Tuesday, October 03, 2006

History


I am told by my supervisor that the previous owner of this room subsequently became the Dean of the University, so I find myself sitting in a leather easy chair of august heritage. I also find myself in something of a little museum of computational mathematics, and in the style of most museums in small towns in Japan it is dusty, presented against a brown lineoleum background, and demanding of considerable personal research from the diligent amateur.

Here I present to you some artifacts from the early history of the computer. Clockwise from top left we have the Casio FX-1 Calculator,which was built in 1971 and is actually powered from the wall socket, not a battery; a box of 5.25" floppy disks (containing the 'system disk' (on one disk!) and a program called pi); an envelope containing magnetic cards for the Canon SX-3110 scientific calculator (so obscure I can't find a picture on the web); examples of the floppy disk and the card; and finally a 'statistics pack' for the SX-3110 calculator, which presumably one plugs in at the back to give it the kind of advanced functionality every 70s statistician needed. It must have been pretty big, because that stats pack is chunky. Unfortunately some looter has made off with the SX-3110; maybe it is of pre-war vintage, and was confiscated by the US for their electronic warfare program.
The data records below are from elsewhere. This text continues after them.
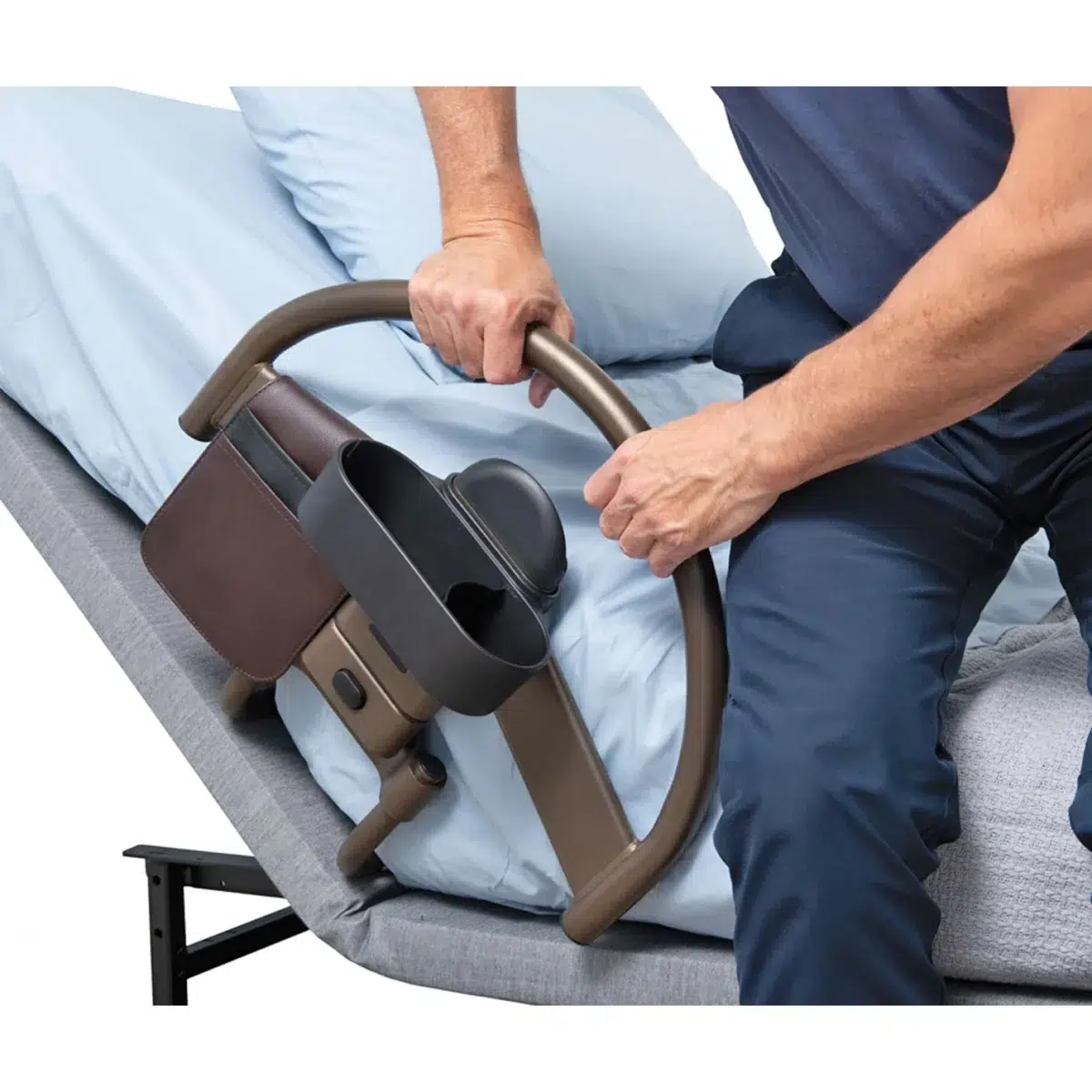 Stander Freedom Click Bed Handle - Image 2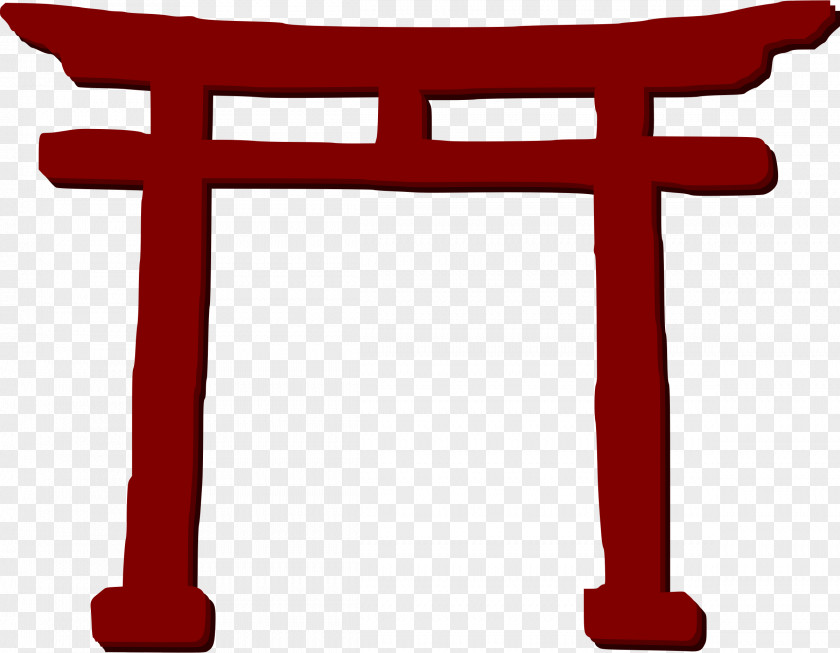 Torii Gate Free Download Japan Shinto Shrine Clip Art PNG
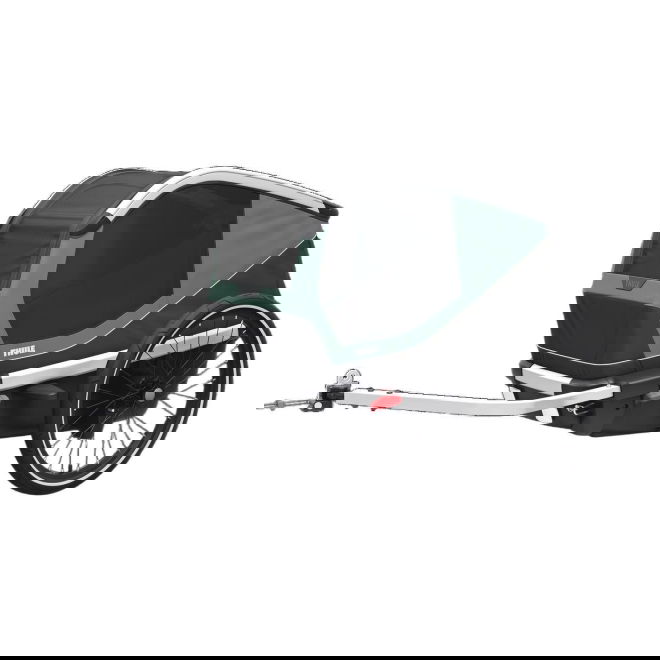 Pyöräkärry koiralle Thule Bexey (M)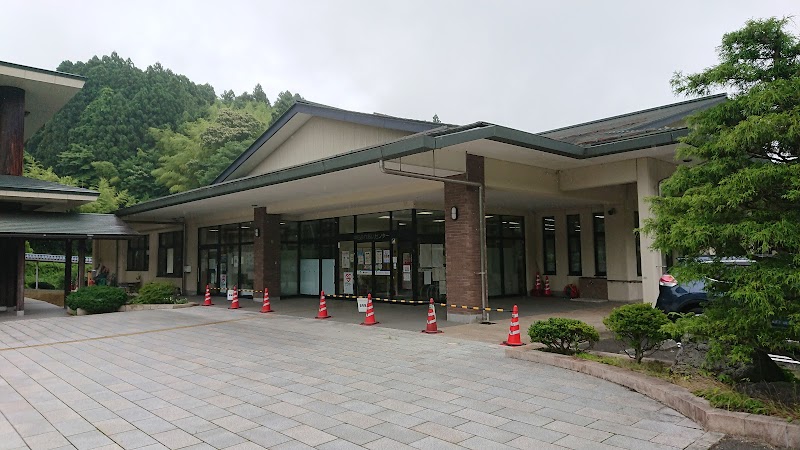 郡山市立中田公民館・中田ふれあいセンター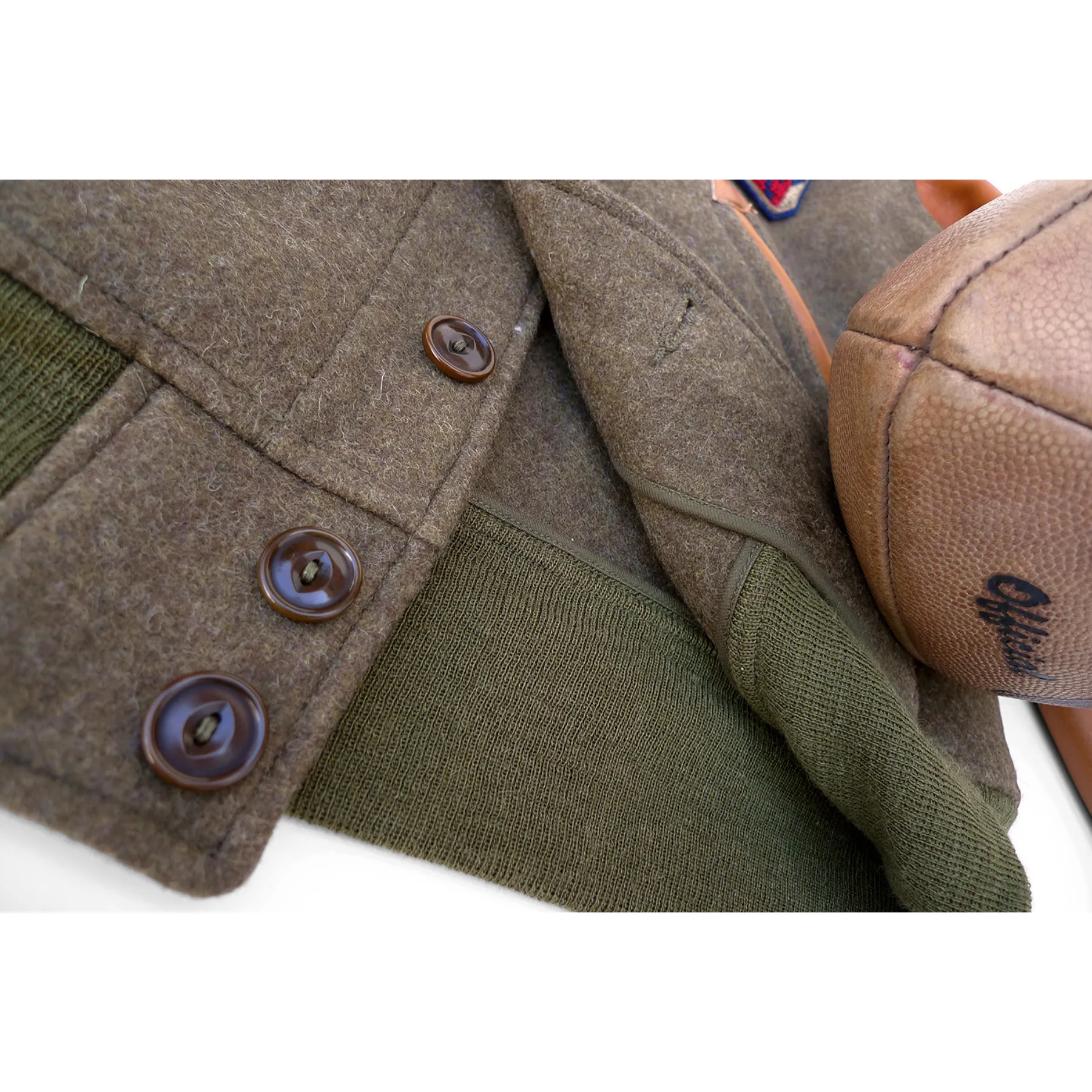Headquarters Jacket - Embroidered - Warehouse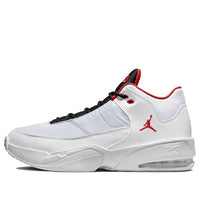 Air Jordan Max Aura 3 'White University Red' CZ4167-105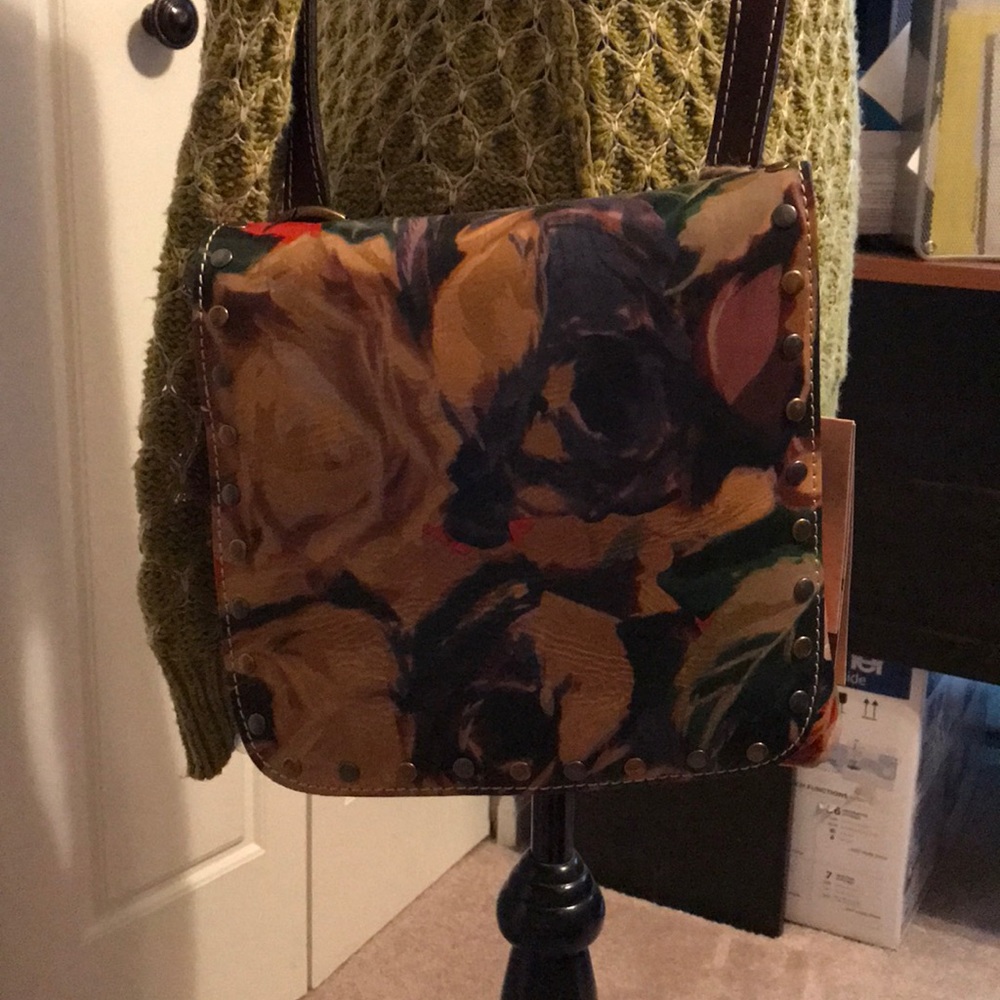 Patricia Nash Cross Body Handbag
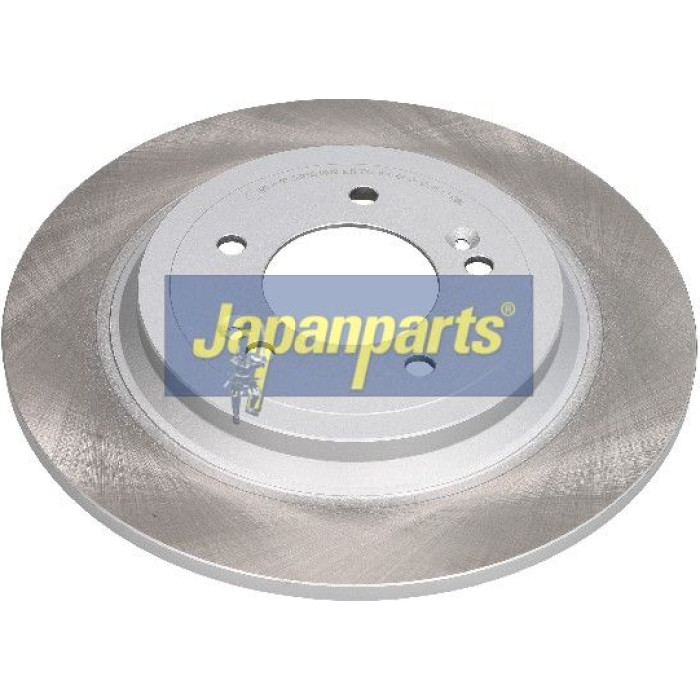 Japanparts Bremsscheibe DP-H19C Japanparts Bremsscheibe DP-H19C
This isn't the only history available to me in this building. Down the hall is a cabinet in which are stacked two neat rows of magnetic backup tape which must be of 80s vintage at best. Rather a lot of the equipment in this place is rather old, actually, and all encased in brown. Even the LAN cable through which I beam this message to the internet is brown (I challenge you, fellow Australians, to find a brown LAN cable in Australia). It goes fetchingly with the formica table and brown chairs, but is so old that it has no flexibility.

I hope when my Hewlett-Packard PC arrives it is not from the Hewlett Packard Museum of Electronic Calculators, and is a colour other than brown!!!

1 Comments:

Anonymous Anonymous said...

My God, Datalife floppy disks!! The memories of playing with floppies...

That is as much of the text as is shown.